EXERCISE BRIEF: What needs reproducing is the run of lines in the data below starting at the line with "Discount Gold Star 0-3m bummies" and ending at the line with "2019 مرسيدس بنز ATEGO 816-42680374", both ends included. Copy it exactly, without pictures, and add nothing.

STUDY MATERIAL:
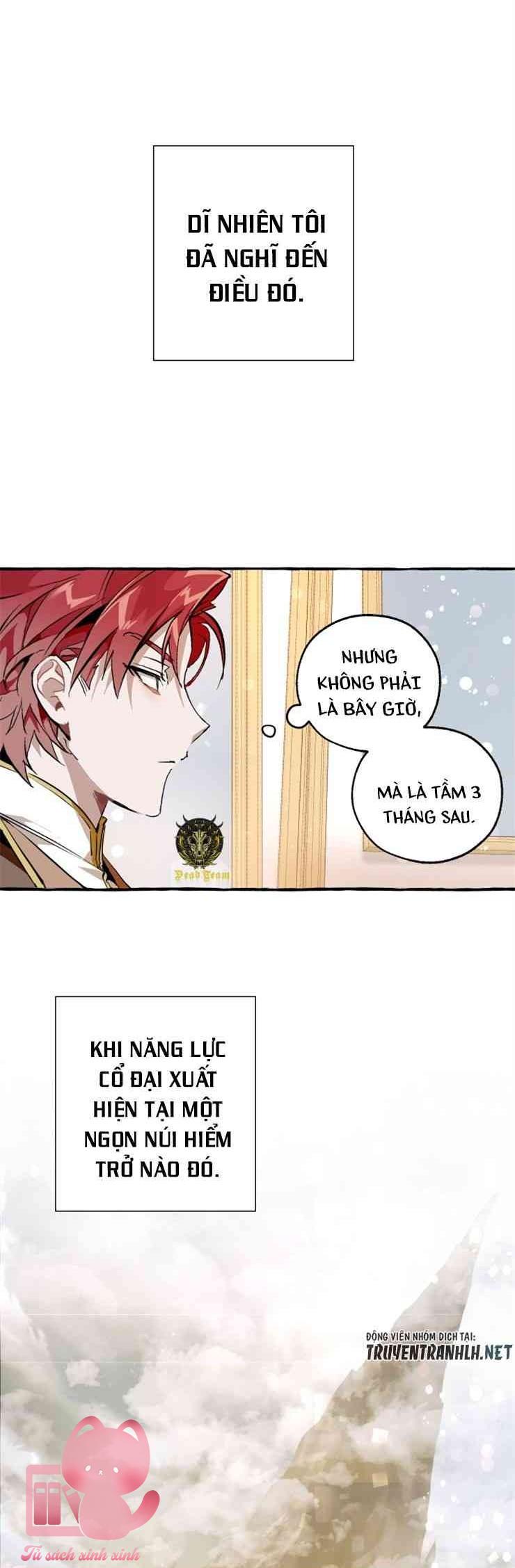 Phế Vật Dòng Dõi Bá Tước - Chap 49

...

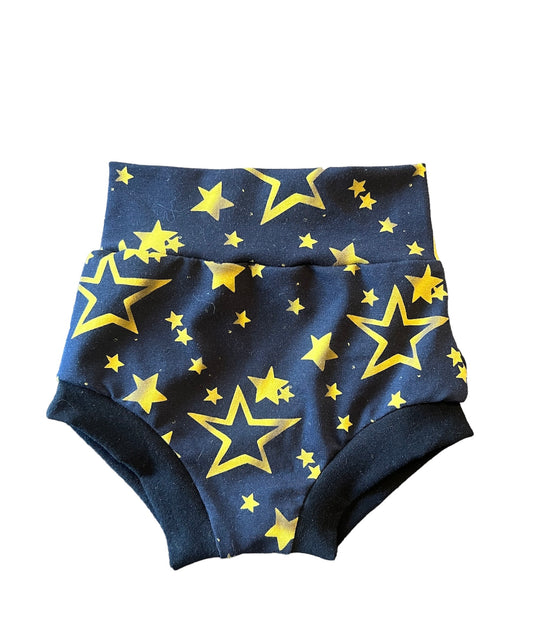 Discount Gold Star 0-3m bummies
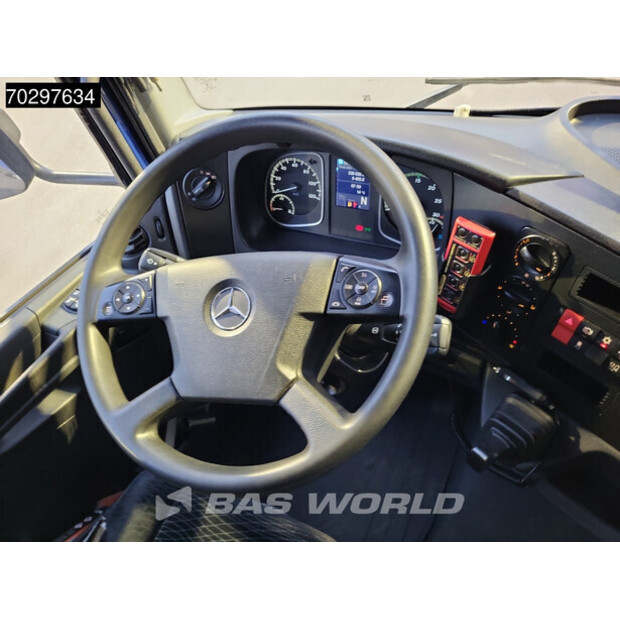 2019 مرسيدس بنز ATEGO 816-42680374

...

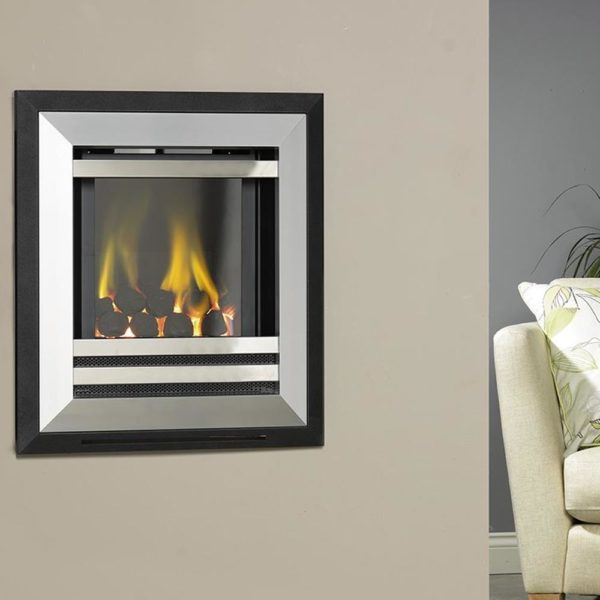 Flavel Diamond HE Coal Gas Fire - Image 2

EXPECTED OUTPUT:
 Discount Gold Star 0-3m bummies
 2019 مرسيدس بنز ATEGO 816-42680374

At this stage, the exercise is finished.